**What you should do**
Copy nothing before the line that contains "ジュゴン 絶滅危惧種 生態 海の動物の写真素材"; from there, transcribe each line exactly through the end of the material, omitting pictures.

** Data section follows **

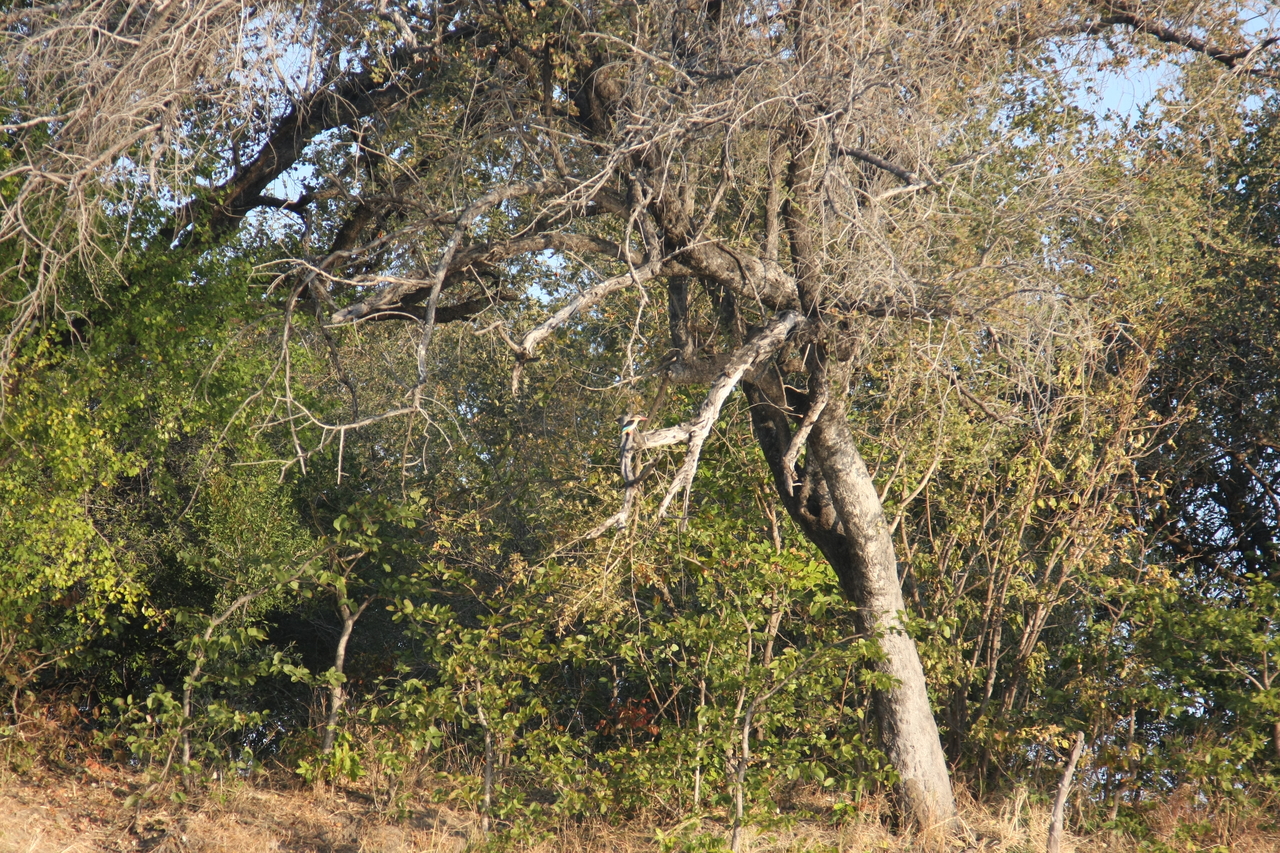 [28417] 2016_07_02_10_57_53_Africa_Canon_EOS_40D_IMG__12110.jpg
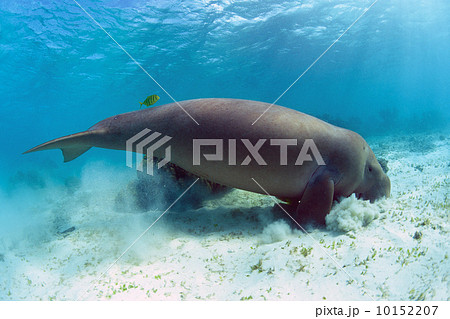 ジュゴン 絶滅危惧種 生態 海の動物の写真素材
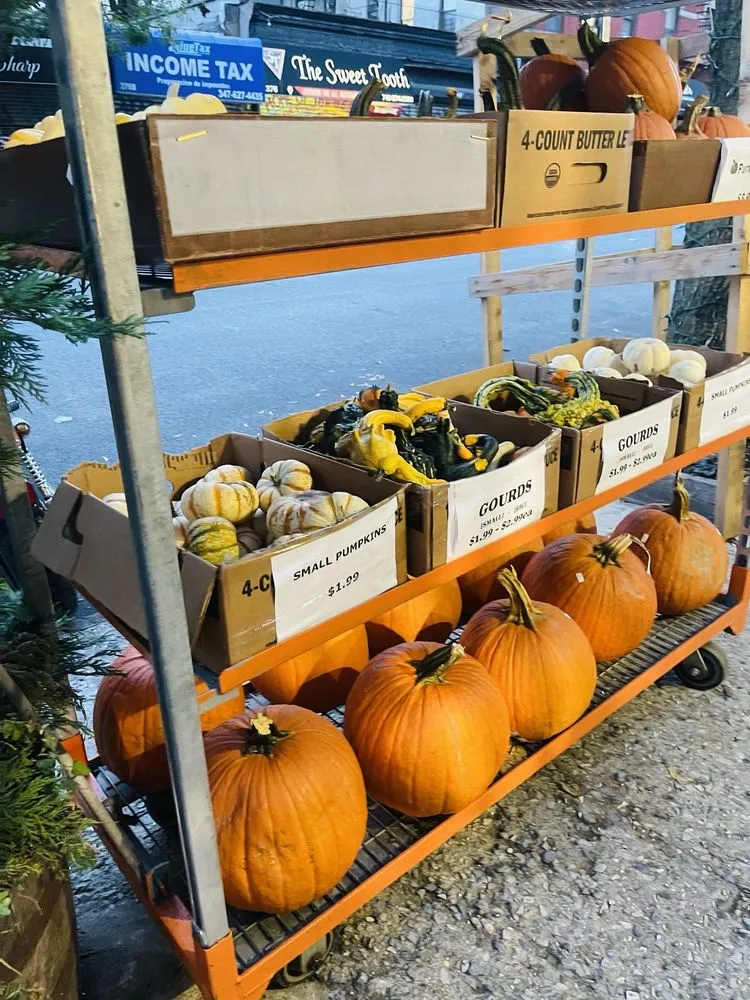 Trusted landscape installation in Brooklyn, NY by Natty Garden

** End of Data section **

**Task output**
 ジュゴン 絶滅危惧種 生態 海の動物の写真素材
 Trusted landscape installation in Brooklyn, NY by Natty Garden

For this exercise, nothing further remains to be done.